Ersoy, İstanbul Sözleşmesi'nin feshinden bu yana kadın cinayeti davalarındaki hafifletici nedenlere dikkat çekerek, "Bunların her birisi insanın yaşamına, sağlık hakkına dairdir. İnsan hakkına, onuruna dairdir. Sağlıklı yaşam hakkına dairdir.
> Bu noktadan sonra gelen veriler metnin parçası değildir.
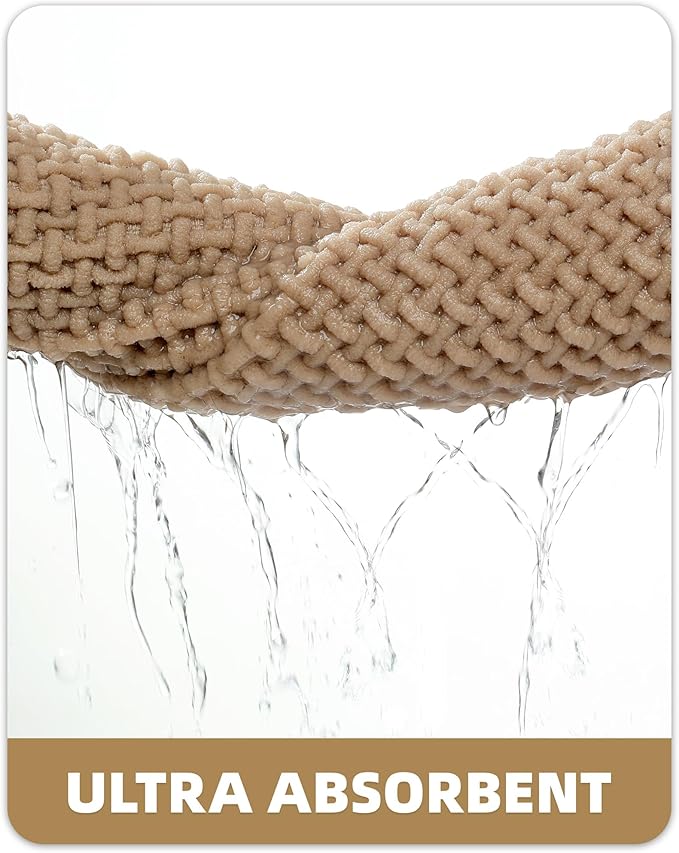 Color&Geometry Ultra Soft Chenille Bathroom Rugs Non Slip Rubber Backing, Machine Washable, Super Absorbent Floor Mat for Bathroom, Bathtub, Quick Dry Beige Bath Mat, Long Bath Runner,17"x47"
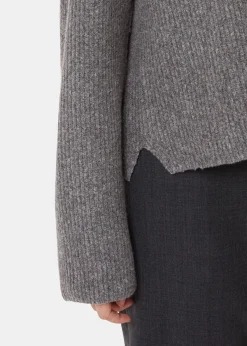 Grey V Neck Wool Mix Knit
Bu nedenle TTB İstanbul Sözleşmesi'nden vazgeçmedi" dedi.
TMMOB Yönetim Kurulu üyesi Ayşegül Oruç Kaptan, her alanda cinsiyet ayrımcılığının olduğunu ve cinsiyet ayrımcılığının olağanlaştığını kaydederek, "Laiklik karşıtı iktidar, eğitim, çalışma yaşamı, istihdam gibi toplumsal yaşamın tüm alanında gerici politikaları biz kadınlar üzerinde yürütüyor" dedi.
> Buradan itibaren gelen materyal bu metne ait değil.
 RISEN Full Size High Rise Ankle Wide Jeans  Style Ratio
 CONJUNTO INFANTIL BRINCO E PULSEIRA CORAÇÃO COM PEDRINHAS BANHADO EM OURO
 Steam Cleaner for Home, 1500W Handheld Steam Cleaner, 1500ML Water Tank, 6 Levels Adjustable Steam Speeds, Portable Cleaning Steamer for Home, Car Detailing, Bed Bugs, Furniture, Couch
"KADINA HADDİNİ BİLDİRMEK İÇİN ARAÇ"
Kaptan, kadına yönelik şiddetin patriarkal sistem ile ilgili olduğunu dile getirerek, "Şiddet bu sistemin kadına haddini, sınırını ve yerini bildirmek için kullandığı en güçlü ve yaygın araç" diye bu sistemdeki şiddeti açıkladı. Kaptan kadın cinayetlerinin politik olduğunu kaydederek, şunları belirtti:
"Kamusal alanda kadına yönelik şiddete ilişkin bir başka suç da medya tarafından işlenmektedir. Kadın cinayetleri, aşk cinayeti, kıskançlık, kızgın koca, sinir krizi, cinnet getirme, onur, gurur, namus gibi başlıklarla gerekçelendirilmektedir. Kadına yönelik cinsel suçlar, medyada pornografik tiraj malzemesine dönüştürülmekte, suçun işlenişine dair her türlü detaya yer verilerek, şiddet adeta özendirilmekte, hatta mağdur kadınların fotoğrafları yayımlanarak özel hayatına dair tüm detaylar verilerek yapılan eylem magazin haberine dönüştürülerek, şiddet olağanlaştırılmaktadır. Yargılama süreçlerinde ise kadınların hayatları didiklenmekte, yaşam biçimleri gerekçe sayılarak şiddet meşrulaştırılmaktadır. Kadın katillerine bile haksız tahrik ceza indirimi adı altında erkek indirimi yapılmaktadır. En son örnek de Temmuz 2020 yılında hunharca öldürülen Pınar Gültekin'in katili Cemal Çetin Avcı canavarca hisle eziyet çektirilerek, öldürmekten tutuklu. Kardeşi Mertcan Avcı ise canavarca hisle eziyet çektirerek ve tasarlayarak öldürme suçundan tutuksuz yargılanıyordu. 20 Haziran 2022 tarihindeki davada mahkeme heyeti haksız tahrik indirimi uygulayarak, cezayı 23 yıla indirdi. Caninin yardım eden kardeşine ise beraat kararı verdi. Yani faili ödüllendirildi."